Short text fragments from websites.
◆ ◆ ◆ ◆ ◆
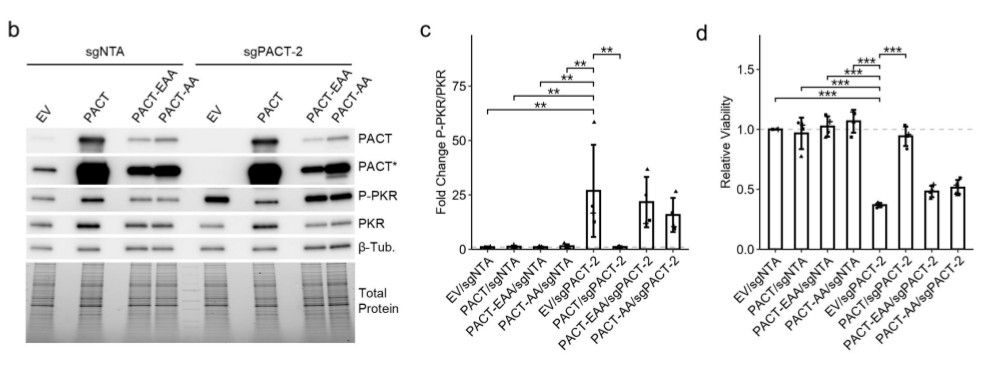 Multiple panels showing that dsRNA binding is required for inhibition of PKR by PACT.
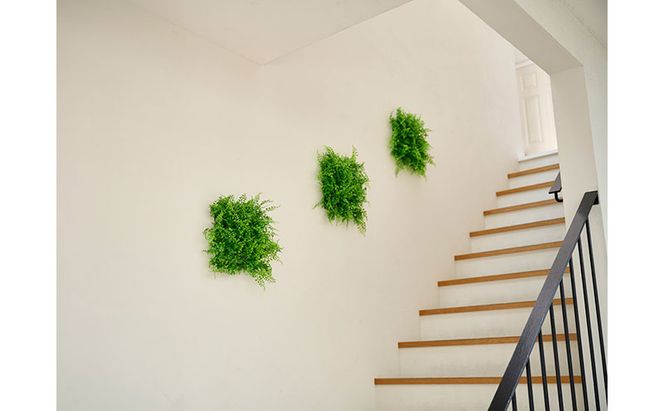 ＤＥＣＯ ＧＲＥＥＮ ウォールパネル WG-50A アジアンタム 3個セット フェイクグリーン 壁掛け  アイリスオーヤマ ウォールグリーン 25×25cm 正方形 インテリア おしゃれ 壁面緑化パネル 人工観葉植物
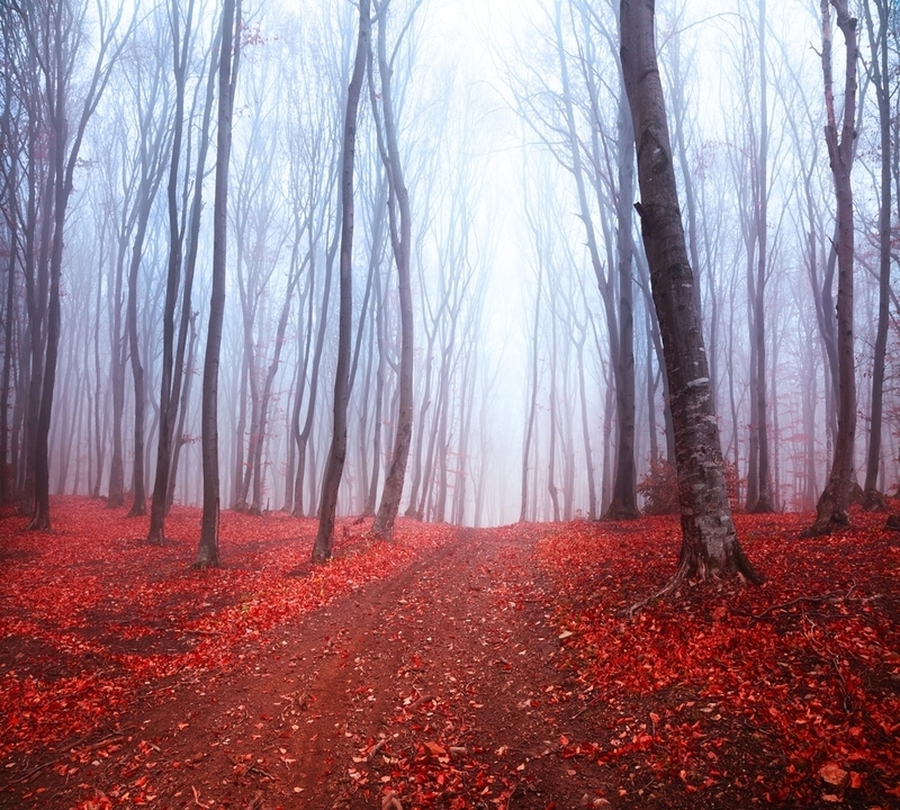 Фотошторы «Осенний лес в тумане» вид 1
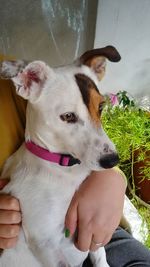 Close-up of hand holding dog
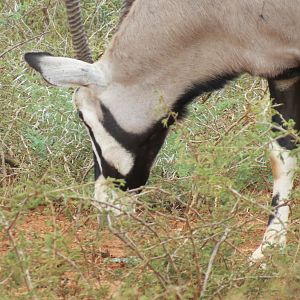 Gemsbok Namibia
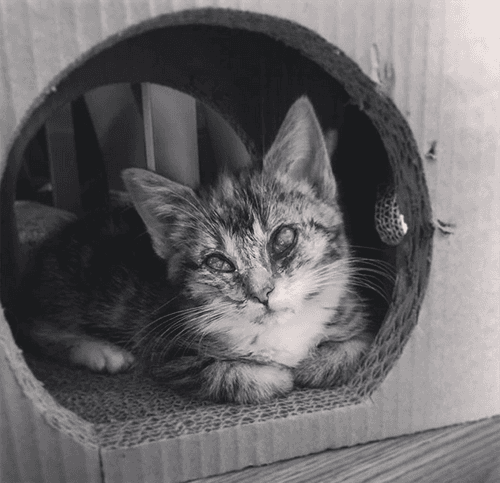 echo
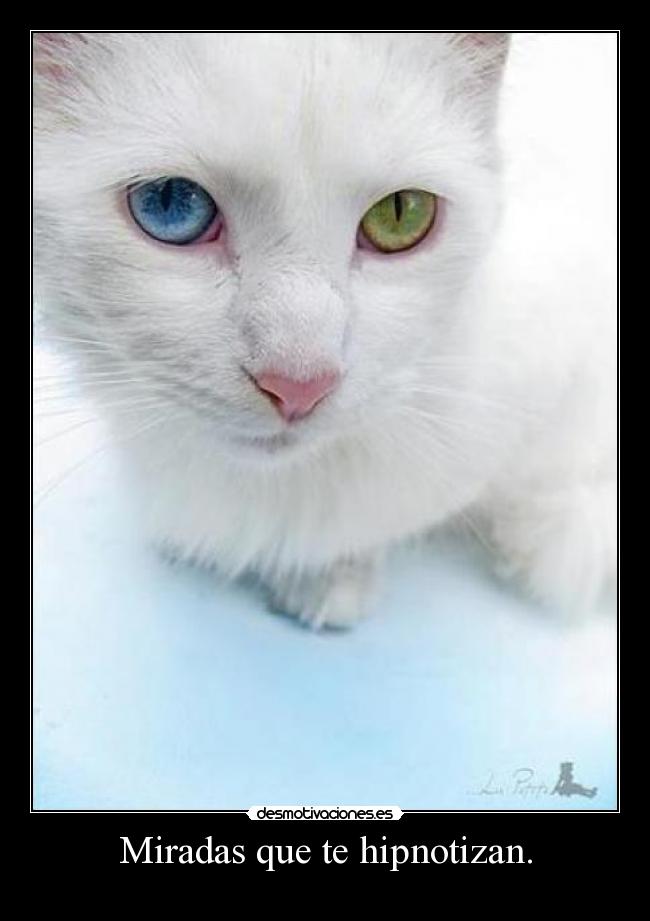 Miradas que te hipnotizan. - 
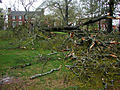 Fallen Oak (in front of King House) (3386943139).jpg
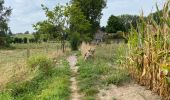 Trail Walking Maarkedal - Louise Marie 12,7 km - Photo 18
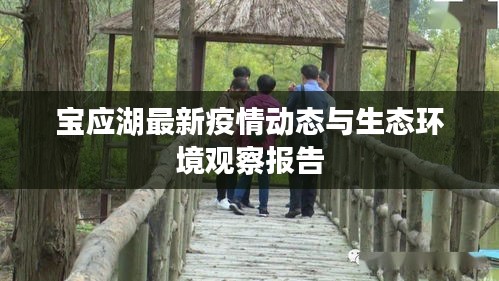 宝应湖最新疫情动态与生态环境观察报告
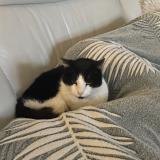 Foto del gato perdido en Sucy En Brie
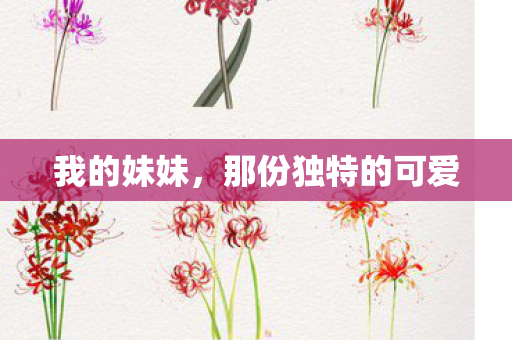 我的妹妹，那份独特的可爱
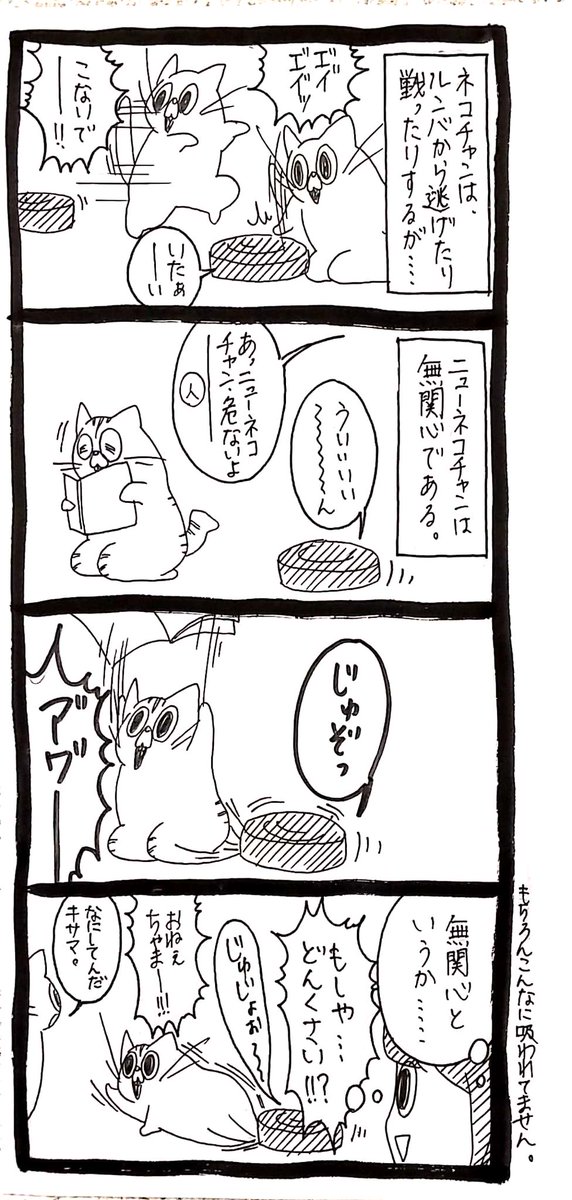 ルンバにもとろい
◆ ◆ ◆ ◆ ◆
WORK INSTRUCTION.
An acceptable answer holds exactly the lines from the one with "Miradas que te" through the end of the entries above, both ends kept, and no pictures at all.

RESULT OF THIS EXERCISE.
 Miradas que te hipnotizan. - 
 Fallen Oak (in front of King House) (3386943139).jpg
 Trail Walking Maarkedal - Louise Marie 12,7 km - Photo 18
 宝应湖最新疫情动态与生态环境观察报告
 Foto del gato perdido en Sucy En Brie
 我的妹妹，那份独特的可爱
 ルンバにもとろい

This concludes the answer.